Task details — Leave out the pictures and repeat the entries below verbatim.
Start of Given entries
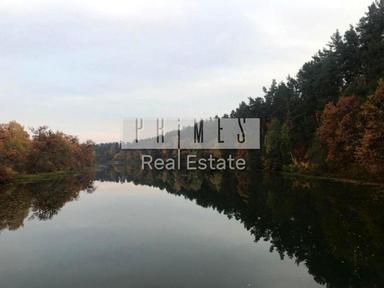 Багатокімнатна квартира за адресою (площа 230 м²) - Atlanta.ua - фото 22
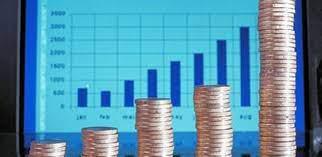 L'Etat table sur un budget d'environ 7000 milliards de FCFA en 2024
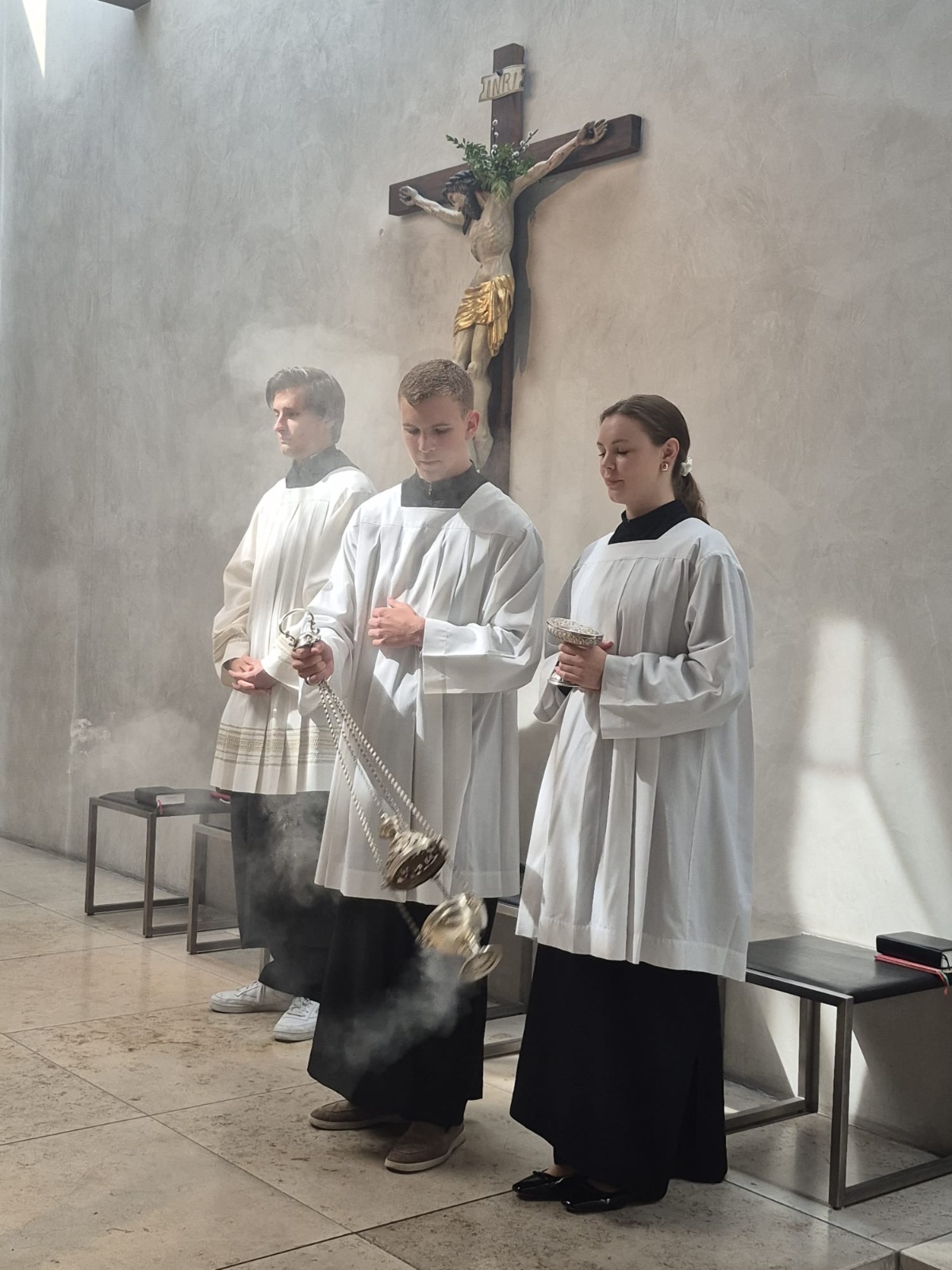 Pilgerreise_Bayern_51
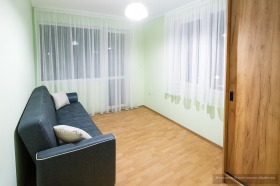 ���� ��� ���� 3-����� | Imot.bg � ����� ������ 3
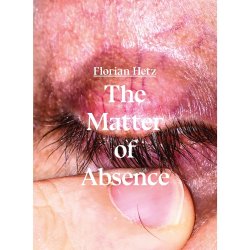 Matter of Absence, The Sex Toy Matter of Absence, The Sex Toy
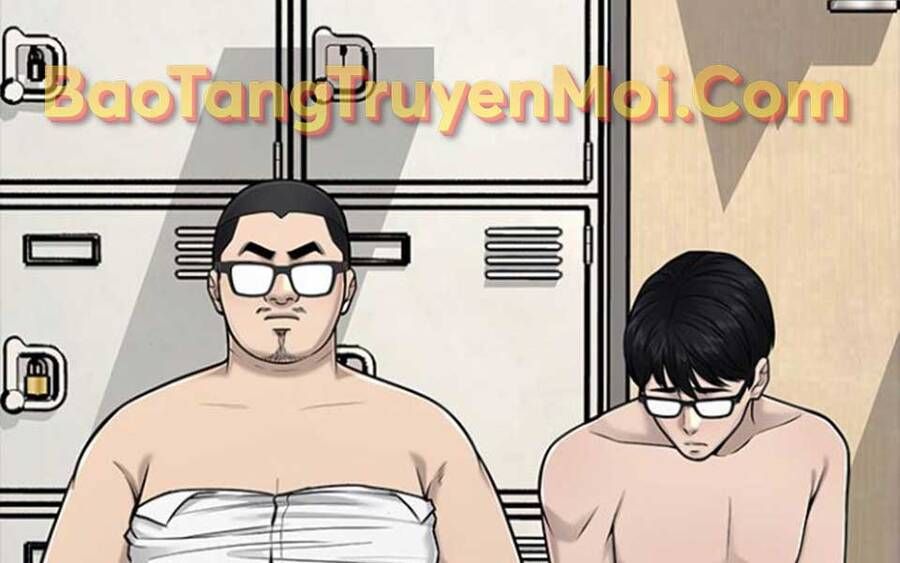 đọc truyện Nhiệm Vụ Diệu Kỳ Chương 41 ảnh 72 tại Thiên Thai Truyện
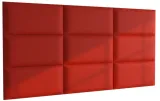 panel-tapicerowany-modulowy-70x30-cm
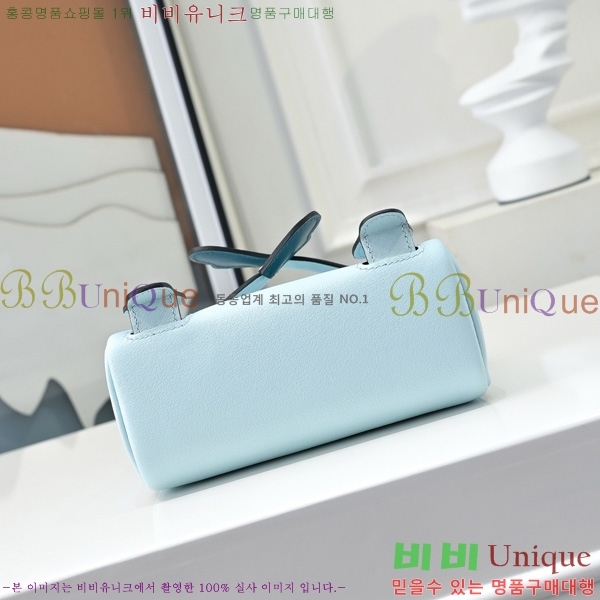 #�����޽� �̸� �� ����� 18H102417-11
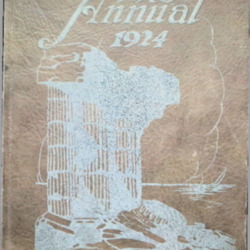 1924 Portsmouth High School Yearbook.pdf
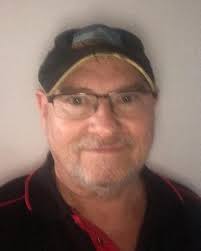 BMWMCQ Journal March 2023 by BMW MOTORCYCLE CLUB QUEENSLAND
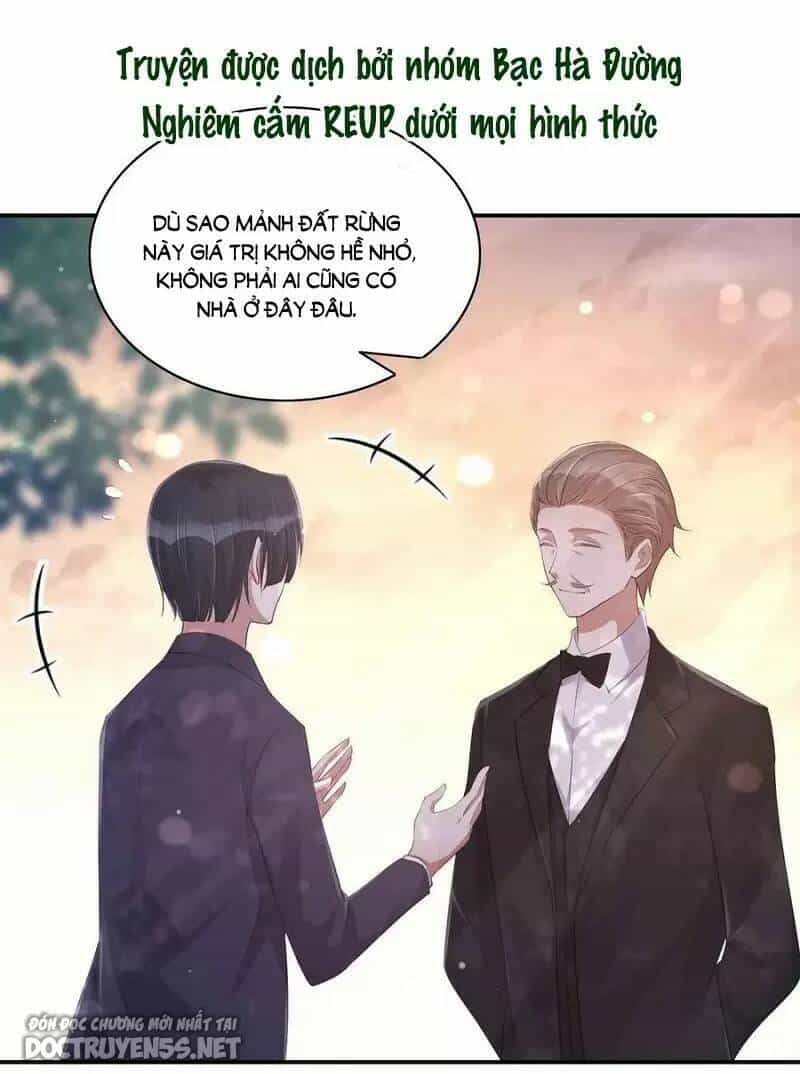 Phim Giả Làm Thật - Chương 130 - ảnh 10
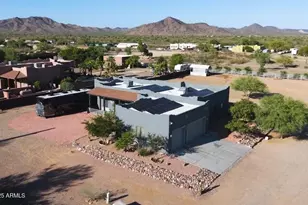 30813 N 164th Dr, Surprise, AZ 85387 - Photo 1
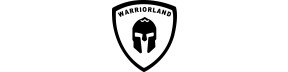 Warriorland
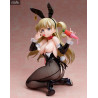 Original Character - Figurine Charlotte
End of Given entries
Answer to the exercise —
 Багатокімнатна квартира за адресою (площа 230 м²) - Atlanta.ua - фото 22
 L'Etat table sur un budget d'environ 7000 milliards de FCFA en 2024
 Pilgerreise_Bayern_51
 ���� ��� ���� 3-����� | Imot.bg � ����� ������ 3
 Matter of Absence, The Sex Toy Matter of Absence, The Sex Toy
 đọc truyện Nhiệm Vụ Diệu Kỳ Chương 41 ảnh 72 tại Thiên Thai Truyện
 panel-tapicerowany-modulowy-70x30-cm
 #�����޽� �̸� �� ����� 18H102417-11
 1924 Portsmouth High School Yearbook.pdf
 BMWMCQ Journal March 2023 by BMW MOTORCYCLE CLUB QUEENSLAND
 Phim Giả Làm Thật - Chương 130 - ảnh 10
 30813 N 164th Dr, Surprise, AZ 85387 - Photo 1
 Warriorland
 Original Character - Figurine Charlotte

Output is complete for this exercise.